An exact copy of the records is required, minus the pictures they hold.

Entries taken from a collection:
──────────

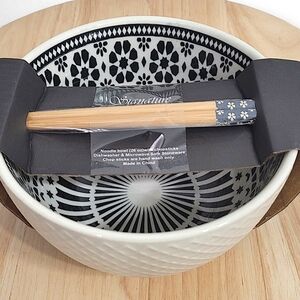 Noodle Bowl with Chopsticks 26 oz Black and White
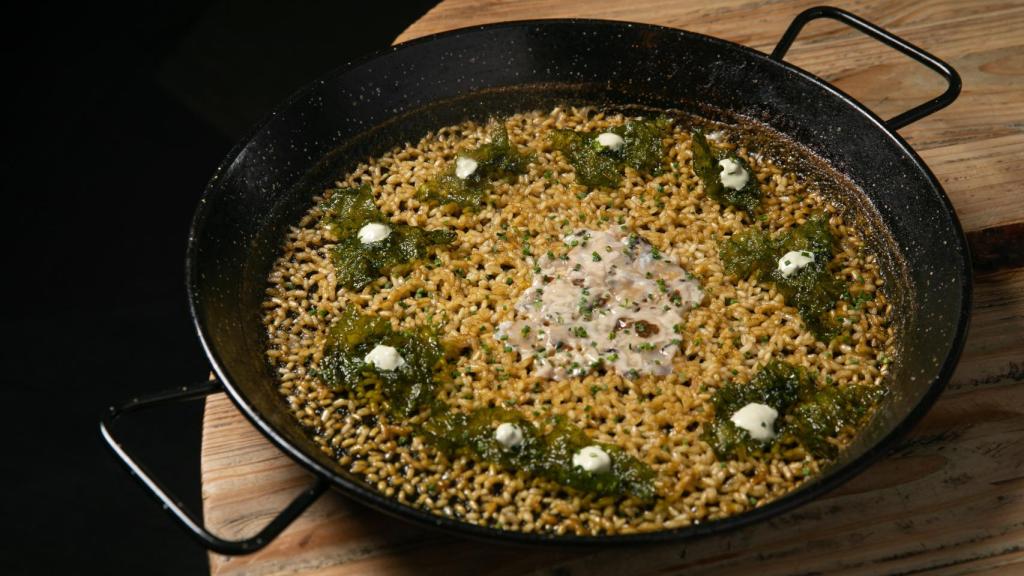 Arroz astronómico y ali oli de algas en salazón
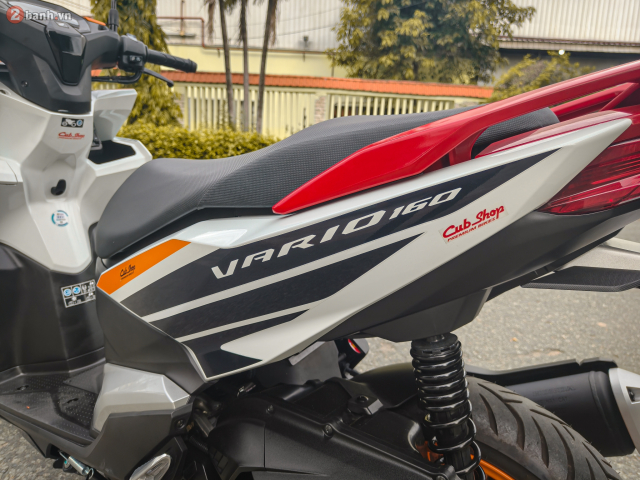 Hinh anh thuc te cua Honda Vario 160 Repsol Edition vua cap ben Viet Nam voi giao dien cuc dep - 29
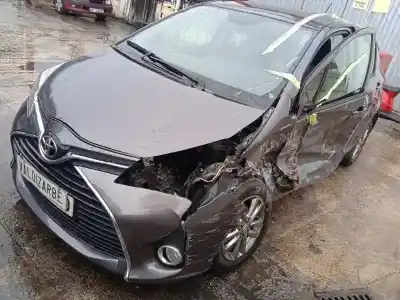 Veículo de Sucata toyota yaris (_p13_) 1.3 (nsp130_) do ano 2015 alimentado 1nr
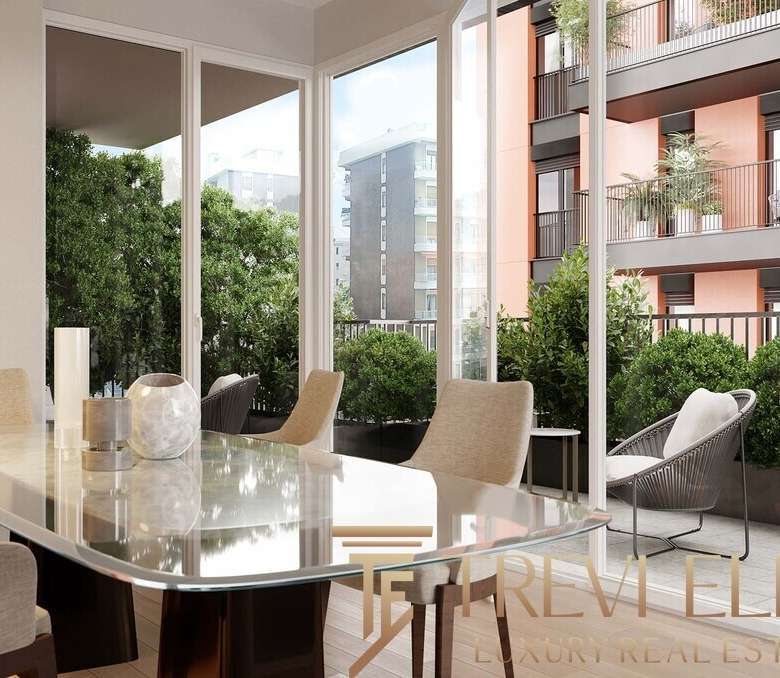 Высококачественная квартира с панорамными видами, дизайнерской мебелью и просторной террасой в престижном жилом комплексе. Идеально подходит для комфортной жизни и инвестиций.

──────────

(WRITTEN SOLUTION)
 Noodle Bowl with Chopsticks 26 oz Black and White
 Arroz astronómico y ali oli de algas en salazón
 Hinh anh thuc te cua Honda Vario 160 Repsol Edition vua cap ben Viet Nam voi giao dien cuc dep - 29
 Veículo de Sucata toyota yaris (_p13_) 1.3 (nsp130_) do ano 2015 alimentado 1nr
 Высококачественная квартира с панорамными видами, дизайнерской мебелью и просторной террасой в престижном жилом комплексе. Идеально подходит для комфортной жизни и инвестиций.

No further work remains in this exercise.